═══ Records to use ═══
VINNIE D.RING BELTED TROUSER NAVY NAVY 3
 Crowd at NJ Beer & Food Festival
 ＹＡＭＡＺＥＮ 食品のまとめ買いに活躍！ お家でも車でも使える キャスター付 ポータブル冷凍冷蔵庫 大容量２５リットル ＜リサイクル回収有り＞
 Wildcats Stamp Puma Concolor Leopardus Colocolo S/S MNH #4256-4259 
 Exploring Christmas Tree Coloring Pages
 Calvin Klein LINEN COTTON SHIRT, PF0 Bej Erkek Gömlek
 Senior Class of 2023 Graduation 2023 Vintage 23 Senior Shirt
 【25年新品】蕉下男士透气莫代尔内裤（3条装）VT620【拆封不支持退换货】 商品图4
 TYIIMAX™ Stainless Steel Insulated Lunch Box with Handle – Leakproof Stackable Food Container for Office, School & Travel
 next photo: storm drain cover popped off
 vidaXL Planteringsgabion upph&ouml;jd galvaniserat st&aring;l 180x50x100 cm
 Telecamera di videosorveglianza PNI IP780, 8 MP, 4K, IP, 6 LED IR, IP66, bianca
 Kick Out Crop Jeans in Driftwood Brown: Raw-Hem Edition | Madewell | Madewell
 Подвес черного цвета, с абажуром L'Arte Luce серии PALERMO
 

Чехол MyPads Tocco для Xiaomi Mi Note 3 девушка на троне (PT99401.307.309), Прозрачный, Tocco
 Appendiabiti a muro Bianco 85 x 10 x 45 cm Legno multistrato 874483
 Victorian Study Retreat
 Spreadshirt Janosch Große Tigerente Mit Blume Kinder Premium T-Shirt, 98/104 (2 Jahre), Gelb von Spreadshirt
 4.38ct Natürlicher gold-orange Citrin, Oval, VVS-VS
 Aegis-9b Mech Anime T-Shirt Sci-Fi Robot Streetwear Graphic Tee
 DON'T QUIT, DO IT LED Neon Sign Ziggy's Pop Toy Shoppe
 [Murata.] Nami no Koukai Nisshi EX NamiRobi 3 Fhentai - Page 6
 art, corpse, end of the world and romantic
═══
:: Exercise prompt ::
Please return only the lines from the one with "4.38ct Natürlicher gold-orange" through the end of the listing, each exactly as written, first and last included.

:: Solution to the exercise ::
 4.38ct Natürlicher gold-orange Citrin, Oval, VVS-VS
 Aegis-9b Mech Anime T-Shirt Sci-Fi Robot Streetwear Graphic Tee
 DON'T QUIT, DO IT LED Neon Sign Ziggy's Pop Toy Shoppe
 [Murata.] Nami no Koukai Nisshi EX NamiRobi 3 Fhentai - Page 6
 art, corpse, end of the world and romantic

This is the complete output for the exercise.